Ian held his arms out and forced everyone back off the road. They peered intensely through the snow, daring to hope.

And just like that, with a deafening growl from some mechanical beast, a black blur screamed past them, falling snow redirecting and curling after the shadow and its two red eyes as it disappeared into some other realm. A second later, the only evidence of the apparition’s existence was the two wide, treaded paths stretching north and south through the snow.

“That had to be doing seventy!” Marcus shouted above the wind.

“That’s not possible,” Ashley stated.

But there were the tire tracks, perfectly imprinted in the snow, streaking past where they stood.

Heather could barely feel Ian take her hand it was so numb, but as they stood there staring after the speeding car, her freezing hands became the least of her worries.

Red eyes blinked open in the storm.

“What the hell…” Ian took a step toward the glowing lights.

The two pinpricks of red brightened, white lights immediately following and growing wider.

“It’s backing up,” Marcus whispered, pulling on Ashley and leading her a few steps further from the road.

The radio in the overturned Taurus suddenly sprang to life, broadcasting, “Grandma Got Run Over by a Reindeer.” The invisible wilderness around them echoed the satirical lyrics with a sort of perverse mocking.

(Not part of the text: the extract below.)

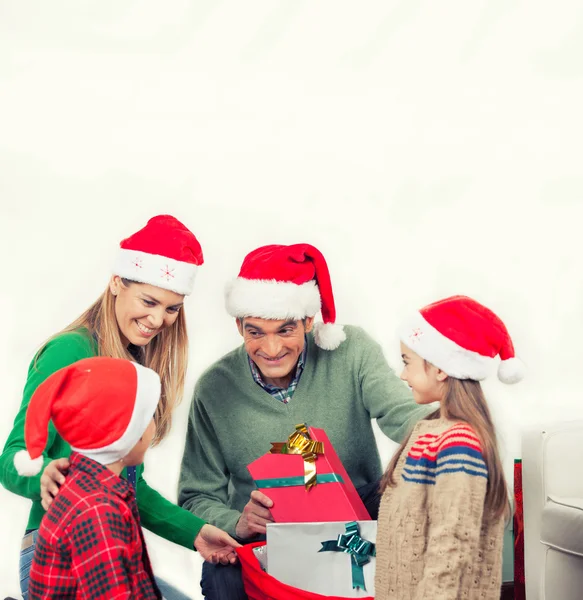 Gelukkige familie dragen rode hoeden kijken naar Kerstmis geschenken, isolat — Stockfoto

“This isn’t good,” Ashley whispered.

The snow falling over the road separated, as if some vortex had opened a clear path for the reversing car. Suddenly, the wide wheels locked, and the vehicle, flat black, came sliding through the snow like a sled from hell.

It came to a stop directly across from them, its engine growling, its headlights staring off into the collapsing vortex.

“What is that?” Heather breathed.

“A Camaro,” Ian said. “A 1971 Z-28…”

A door swung open, and a tall figure stepped out. He stood there, on the other side of the short muscle car, and stared over the hood at them.

Ashley couldn’t help pointing the flashlight in his direction.

Beneath a large, wide-brimmed hat, mirrored glasses reflected the flashlight’s gaze, making his face an indiscernible bright spot in the storm.

“Hello?” Marcus called. His phone sounded. He didn’t check it.

The man didn’t reply, just stood there staring at them.

Ian squinted through the snowflakes. “We hit a moose back a ways…”

No response.

The lyrics to the song rebounded through the cold silence with alien strangeness.

The tension was thicker than the snow on the ground, and Heather pulled at Ian’s hand, trying to urge him away from this dark figure.

Finally unable to keep himself from looking, Marcus checked his cell phone. With a shaking hand, he held it out so that everyone else could see it, too.

 

I AM HERE. WE ARE HERE. GIVE IT TO US.

 

“Run,” Ian whispered, pushing Heather toward the trees. “Run!”